WORK TASK –
What's needed is an exact copy of all the data below, without pictures.
----------------------------------------
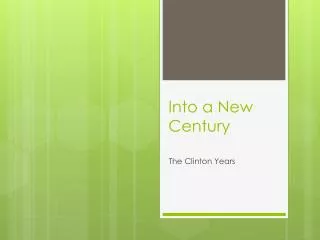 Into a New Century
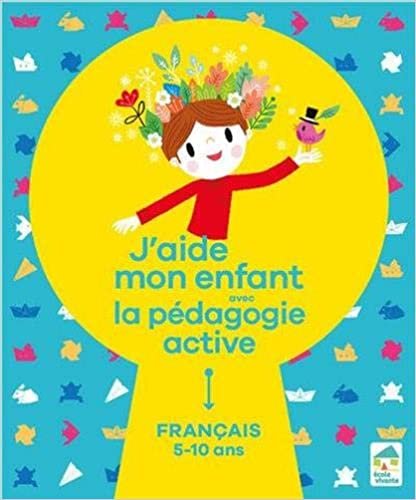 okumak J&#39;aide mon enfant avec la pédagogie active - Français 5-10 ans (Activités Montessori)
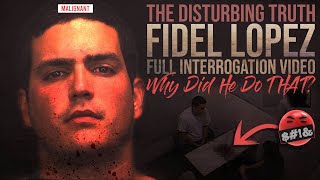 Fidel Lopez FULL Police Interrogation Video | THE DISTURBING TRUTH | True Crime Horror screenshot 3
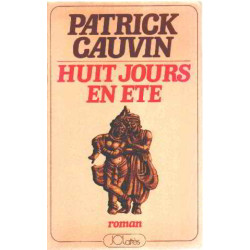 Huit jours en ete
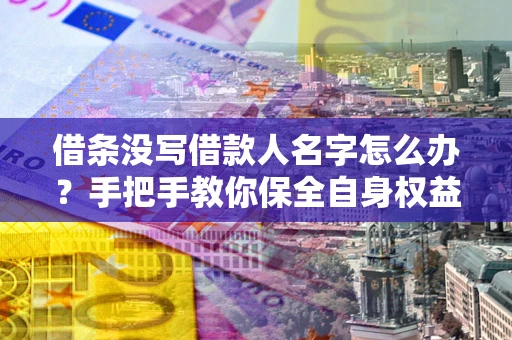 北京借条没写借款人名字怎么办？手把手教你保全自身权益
----------------------------------------
RESPONSE –
 Into a New Century
 okumak J&#39;aide mon enfant avec la pédagogie active - Français 5-10 ans (Activités Montessori)
 Fidel Lopez FULL Police Interrogation Video | THE DISTURBING TRUTH | True Crime Horror screenshot 3
 Huit jours en ete
 北京借条没写借款人名字怎么办？手把手教你保全自身权益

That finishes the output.